Tatjana Pokorny
· 25.05.2018
Nella battaglia per il nuovo record di 24 ore della Volvo Ocean Race, le barche leader si sono ripetutamente superate negli ultimi giorni durante la nona tappa da Newport a Cardiff. Il team AkzoNobel di Simeon Tienpont detiene attualmente il nuovo impressionante record con 601,63 miglia nautiche a una velocità media di 25,8 nodi. Se si confronta questa distanza con il record mondiale stabilito dall'americano "Comanche" di Jim Clark nel 2015, non rimane molto, anche se gli yacht VO65 sono più corti di ben 35 piedi. Tre anni fa "Comanche" aveva percorso 618,01 miglia nautiche.
I precedenti record della Volvo Ocean Race sono stati superati da tempo. Nel 2008, lo skipper Torben Grael e il suo team hanno percorso 596,6 miglia nautiche in 24 ore sul 70 piedi "Ericsson 4". Per fare un confronto, il record di 24 ore per i velisti single-handed stabilito l'anno scorso da Alex Thomson con il suo Imoca "Hugo Boss": 536,81 miglia nautiche a una velocità media di 22,36 nodi.
Per quanto gli equipaggi abbiano sfruttato la velocità per avanzare rapidamente verso il porto gallese di Cardiff, ora temono di entrare nella zona piatta che blocca il loro percorso oltre Fastnet Rock e verso la costa occidentale britannica.
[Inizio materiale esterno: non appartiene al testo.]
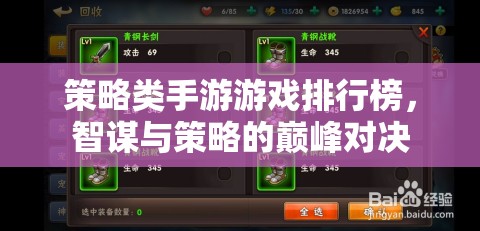 策略類(lèi)手游游戲排行榜，智謀與策略的巔峰對(duì)決
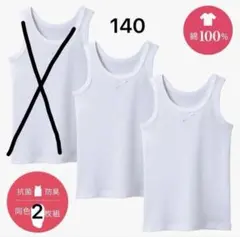 Item thumbnail for item ea9b4106-4764-4e52-be8a-3b2d9c072cb3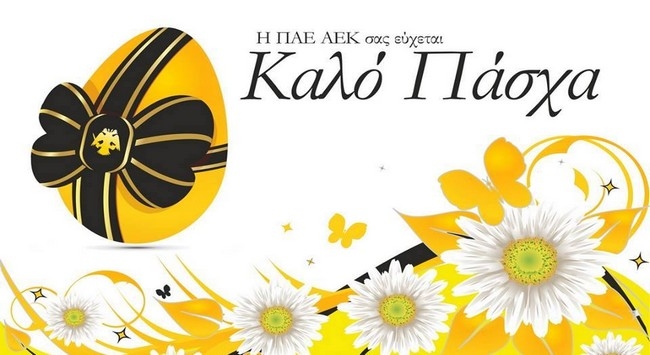 Καλό Πάσχα από την ΠΑΕ (pic)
I due primi classificati, AkzoNobel e Team Brunel, hanno già rallentato di conseguenza, raggiungendo velocità di soli 11 o 12 nodi sabato mattina. A quasi 40 o più miglia nautiche di distanza, gli inseguitori viaggiavano ancora a una velocità compresa tra i 16 e i 18 nodi, ma hanno ancora un po' di terreno da recuperare e saranno presto coinvolti dai venti più deboli.
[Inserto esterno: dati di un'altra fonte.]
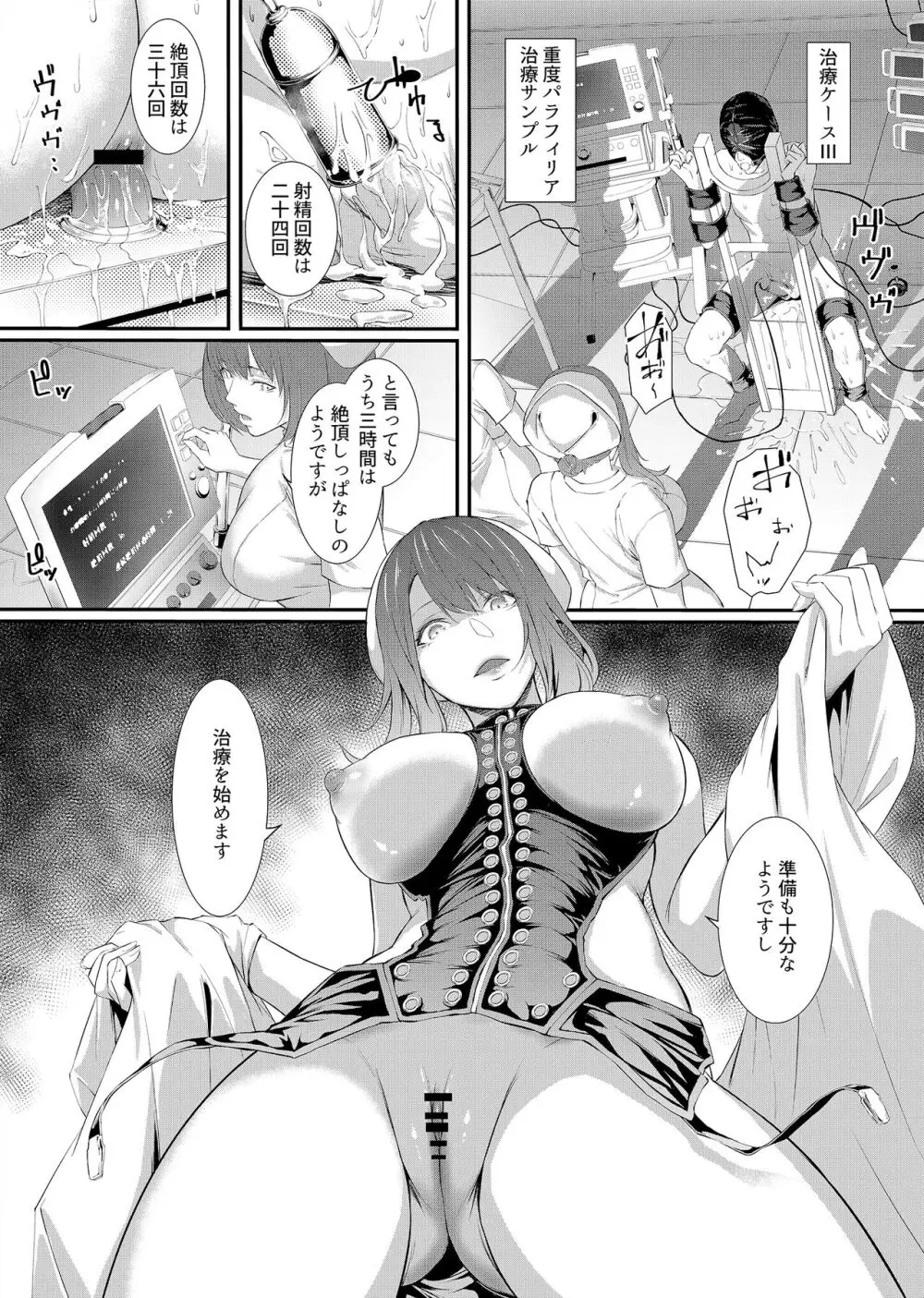 搾精監獄 -無限ニ続ク射精地獄- Page.27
Ben 600 miglia nautiche prima di raggiungere il porto della tappa, le due barche olandesi erano separate da poco più di quattro miglia nautiche nel sesto giorno della tappa. Dietro AkzoNobel, Dongfeng Race Team di Charles Caudrelier si trovava al terzo posto sabato mattina, con oltre undici miglia nautiche di vantaggio sul quarto team, Vestas 11th Hour Racing. Sempre al quinto posto, il team spagnolo Mapfre, che guida la classifica generale, ha faticato a raggiungere il gruppo di testa. Il Team Turn the Tide on Plastic di Dee Caffari ha seguito a 79 miglia nautiche il team olandese. Il team Sun Hung Kai / Scallywag di David Witt era a 108,3 miglia nautiche di distanza, ma non è riuscito a colmare il divario in modo significativo.